The exactly-once semantics enabled by reuse_topic are now on by default.
Breaking change. Remove the consistency_topic option from Kafka sinks.
Breaking change. Do not default to the Debezium envelope in CREATE SINK. You must explicitly specify the envelope to use.
Breaking change. Remove the CREATE VIEWS statement, which was used to separate the data in a PostgreSQL source into a single relation per upstream table.

The PostgreSQL source now automatically creates a relation in Materialize for each upstream table.
Breaking change. Overhaul the system catalog.

The relations in the mz_catalog schema have been adjusted substantially to support the above changes. Many column and relation names were adjusted for consistency. The resulting relations are now part of Materialize’s stable interface.

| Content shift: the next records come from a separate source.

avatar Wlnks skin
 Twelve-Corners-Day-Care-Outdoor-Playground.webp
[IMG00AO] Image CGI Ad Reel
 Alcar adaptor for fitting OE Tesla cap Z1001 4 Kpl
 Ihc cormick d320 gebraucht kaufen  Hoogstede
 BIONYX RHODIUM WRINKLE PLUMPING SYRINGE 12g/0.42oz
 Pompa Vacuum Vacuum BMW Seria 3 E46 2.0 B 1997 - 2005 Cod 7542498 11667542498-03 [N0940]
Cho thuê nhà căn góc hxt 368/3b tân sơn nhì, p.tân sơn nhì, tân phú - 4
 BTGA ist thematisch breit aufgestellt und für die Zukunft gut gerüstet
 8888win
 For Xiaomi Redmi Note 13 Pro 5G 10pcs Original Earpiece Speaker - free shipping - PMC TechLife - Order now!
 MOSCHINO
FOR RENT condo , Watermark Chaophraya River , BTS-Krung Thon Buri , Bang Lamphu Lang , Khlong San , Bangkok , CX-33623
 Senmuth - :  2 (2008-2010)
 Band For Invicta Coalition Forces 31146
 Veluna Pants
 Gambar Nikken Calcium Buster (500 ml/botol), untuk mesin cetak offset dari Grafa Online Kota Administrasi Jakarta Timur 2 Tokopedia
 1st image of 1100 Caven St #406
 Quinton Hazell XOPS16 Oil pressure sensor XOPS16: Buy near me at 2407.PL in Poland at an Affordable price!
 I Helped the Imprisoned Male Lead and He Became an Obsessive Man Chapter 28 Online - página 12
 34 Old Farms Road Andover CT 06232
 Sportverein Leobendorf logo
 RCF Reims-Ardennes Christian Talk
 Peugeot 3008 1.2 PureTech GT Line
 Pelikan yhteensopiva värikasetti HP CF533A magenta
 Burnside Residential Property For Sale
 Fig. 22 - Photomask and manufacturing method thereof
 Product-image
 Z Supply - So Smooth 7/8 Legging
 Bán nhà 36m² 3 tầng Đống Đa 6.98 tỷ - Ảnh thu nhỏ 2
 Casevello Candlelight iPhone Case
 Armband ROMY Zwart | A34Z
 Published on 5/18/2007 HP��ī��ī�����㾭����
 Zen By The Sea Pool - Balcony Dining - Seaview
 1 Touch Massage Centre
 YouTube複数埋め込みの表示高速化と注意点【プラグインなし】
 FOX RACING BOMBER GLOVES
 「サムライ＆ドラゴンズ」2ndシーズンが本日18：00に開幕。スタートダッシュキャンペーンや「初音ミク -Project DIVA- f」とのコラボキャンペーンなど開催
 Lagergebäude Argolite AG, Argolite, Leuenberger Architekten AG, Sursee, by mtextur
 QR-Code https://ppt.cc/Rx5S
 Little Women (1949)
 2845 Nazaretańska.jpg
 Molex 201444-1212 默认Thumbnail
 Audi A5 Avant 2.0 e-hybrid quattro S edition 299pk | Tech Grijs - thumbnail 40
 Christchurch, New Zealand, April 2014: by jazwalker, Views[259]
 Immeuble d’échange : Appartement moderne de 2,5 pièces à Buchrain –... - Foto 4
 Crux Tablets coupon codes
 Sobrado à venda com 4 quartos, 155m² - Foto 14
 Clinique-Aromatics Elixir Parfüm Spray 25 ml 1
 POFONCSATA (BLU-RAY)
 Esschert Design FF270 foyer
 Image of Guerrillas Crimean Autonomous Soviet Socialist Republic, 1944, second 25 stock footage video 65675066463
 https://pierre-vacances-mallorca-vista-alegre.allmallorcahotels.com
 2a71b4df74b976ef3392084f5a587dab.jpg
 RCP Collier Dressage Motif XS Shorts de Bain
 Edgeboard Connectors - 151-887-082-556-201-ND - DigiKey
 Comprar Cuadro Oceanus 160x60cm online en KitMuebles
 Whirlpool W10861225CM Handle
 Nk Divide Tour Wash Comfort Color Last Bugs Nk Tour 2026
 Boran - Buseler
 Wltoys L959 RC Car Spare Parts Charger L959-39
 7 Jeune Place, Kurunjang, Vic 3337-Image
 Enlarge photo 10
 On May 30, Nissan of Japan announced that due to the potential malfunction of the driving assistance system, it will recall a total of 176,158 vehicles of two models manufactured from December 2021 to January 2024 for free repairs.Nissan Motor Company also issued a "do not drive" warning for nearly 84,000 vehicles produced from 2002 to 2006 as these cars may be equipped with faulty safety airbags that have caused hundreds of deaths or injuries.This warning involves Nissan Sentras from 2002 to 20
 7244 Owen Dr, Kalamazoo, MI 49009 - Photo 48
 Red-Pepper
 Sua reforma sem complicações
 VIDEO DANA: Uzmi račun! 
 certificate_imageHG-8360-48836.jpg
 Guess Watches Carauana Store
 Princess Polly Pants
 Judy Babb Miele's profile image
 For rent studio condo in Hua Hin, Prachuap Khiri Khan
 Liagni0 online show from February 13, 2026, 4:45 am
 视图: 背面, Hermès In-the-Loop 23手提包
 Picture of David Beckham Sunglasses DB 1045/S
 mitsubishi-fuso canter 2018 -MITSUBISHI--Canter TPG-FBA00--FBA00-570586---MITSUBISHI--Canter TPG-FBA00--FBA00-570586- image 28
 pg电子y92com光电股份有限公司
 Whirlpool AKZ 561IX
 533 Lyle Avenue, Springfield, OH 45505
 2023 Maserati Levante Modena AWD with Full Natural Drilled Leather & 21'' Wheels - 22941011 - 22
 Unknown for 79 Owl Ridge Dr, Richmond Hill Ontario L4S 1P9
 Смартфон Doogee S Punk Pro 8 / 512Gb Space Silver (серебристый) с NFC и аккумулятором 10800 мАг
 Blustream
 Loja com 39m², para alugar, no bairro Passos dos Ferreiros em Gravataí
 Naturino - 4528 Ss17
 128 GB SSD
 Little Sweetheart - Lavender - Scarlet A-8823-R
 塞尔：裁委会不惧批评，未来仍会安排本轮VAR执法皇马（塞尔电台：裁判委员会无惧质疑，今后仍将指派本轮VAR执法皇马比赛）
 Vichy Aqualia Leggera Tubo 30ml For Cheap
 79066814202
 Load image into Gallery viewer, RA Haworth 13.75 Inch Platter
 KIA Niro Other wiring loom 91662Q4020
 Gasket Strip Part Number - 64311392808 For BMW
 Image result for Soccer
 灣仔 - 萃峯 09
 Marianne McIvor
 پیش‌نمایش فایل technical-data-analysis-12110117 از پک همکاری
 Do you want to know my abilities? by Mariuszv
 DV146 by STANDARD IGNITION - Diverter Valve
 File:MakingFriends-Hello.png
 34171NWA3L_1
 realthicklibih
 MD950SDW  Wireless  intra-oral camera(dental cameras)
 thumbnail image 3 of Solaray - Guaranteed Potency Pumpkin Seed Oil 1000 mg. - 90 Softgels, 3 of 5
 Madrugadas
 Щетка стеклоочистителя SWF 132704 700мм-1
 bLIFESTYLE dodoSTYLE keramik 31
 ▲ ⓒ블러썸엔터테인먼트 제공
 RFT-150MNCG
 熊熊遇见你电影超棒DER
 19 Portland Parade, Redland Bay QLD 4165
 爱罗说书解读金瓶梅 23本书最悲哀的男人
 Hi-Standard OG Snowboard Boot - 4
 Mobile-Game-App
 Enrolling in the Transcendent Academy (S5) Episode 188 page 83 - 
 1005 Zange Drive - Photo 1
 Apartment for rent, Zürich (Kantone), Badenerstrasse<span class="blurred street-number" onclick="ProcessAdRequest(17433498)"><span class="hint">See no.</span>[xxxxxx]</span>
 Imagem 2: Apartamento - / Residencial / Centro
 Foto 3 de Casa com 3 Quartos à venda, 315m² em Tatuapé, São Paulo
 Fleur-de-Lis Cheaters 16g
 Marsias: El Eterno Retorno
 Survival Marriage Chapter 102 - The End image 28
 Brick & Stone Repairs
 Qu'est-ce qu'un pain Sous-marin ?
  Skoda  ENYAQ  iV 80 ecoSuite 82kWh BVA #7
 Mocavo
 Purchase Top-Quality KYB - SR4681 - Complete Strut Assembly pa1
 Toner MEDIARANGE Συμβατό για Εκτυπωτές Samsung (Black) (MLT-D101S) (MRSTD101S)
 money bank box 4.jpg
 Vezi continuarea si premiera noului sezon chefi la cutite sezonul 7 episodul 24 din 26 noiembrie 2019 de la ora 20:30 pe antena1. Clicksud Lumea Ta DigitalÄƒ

Relations which were not ready for stabilization were moved to a new mz_internal schema.
Breaking change. Rename mz_logical_timestamp() to mz_now.

Upgrade guide

Following are several examples of how to adapt source and view definitions from Materialize v0.26 LTS for Materialize v0.27:

Authenticated Kafka source

Change from:

CREATE SOURCE kafka_sasl
  FROM KAFKA BROKER 'broker.tld:9092' TOPIC 'top-secret' WITH (
      security_protocol = 'SASL_SSL',
      sasl_mechanisms = 'PLAIN',
      sasl_username = '<BROKER_USERNAME>',
      sasl_password = '<BROKER_PASSWORD>'
  )
  FORMAT AVRO USING CONFLUENT SCHEMA REGISTRY 'https://schema-registry.tld' WITH (
      username = '<SCHEMA_REGISTRY_USERNAME>',
      password = '<SCHEMA_REGISTRY_PASSWORD>'
  );

to:

CREATE SECRET kafka_password AS '<BROKER_PASSWORD>';
CREATE SECRET csr_password AS '<SCHEMA_REGISTRY_PASSWORD>';

CREATE CONNECTION kafka FOR KAFKA
    BROKER 'broker.tld:9092',
    SASL MECHANISMS 'PLAIN',
    SASL USERNAME 'materialize',
    SASL PASSWORD SECRET kafka_password;

CREATE CONNECTION csr
  FOR CONFLUENT SCHEMA REGISTRY
    USERNAME = '<SCHEMA_REGISTRY_USERNAME>',
    PASSWORD = SECRET csr_password;

CREATE SOURCE kafka_top_secret
  FROM KAFKA CONNECTION kafka TOPIC ('top-secret')
  FORMAT AVRO USING CONFLUENT SCHEMA REGISTRY CONNECTION csr
  WITH (SIZE = '3xsmall');

Materialized view

Change from:

CREATE MATERIALIZED VIEW v AS SELECT ...

to:

CREATE VIEW v AS SELECT ...
CREATE DEFAULT INDEX ON v

Materialized source

Change from:

CREATE MATERIALIZED SOURCE src ...

to:

CREATE SOURCE src ...

If you are performing point lookups on src directly, consider building an index on src directly:

CREATE INDEX on src (lookup_col1, lookup_col2)

`TAIL`

Change from:

COPY (TAIL t) TO STDOUT

to:

COPY (SUBSCRIBE t) TO STDOUT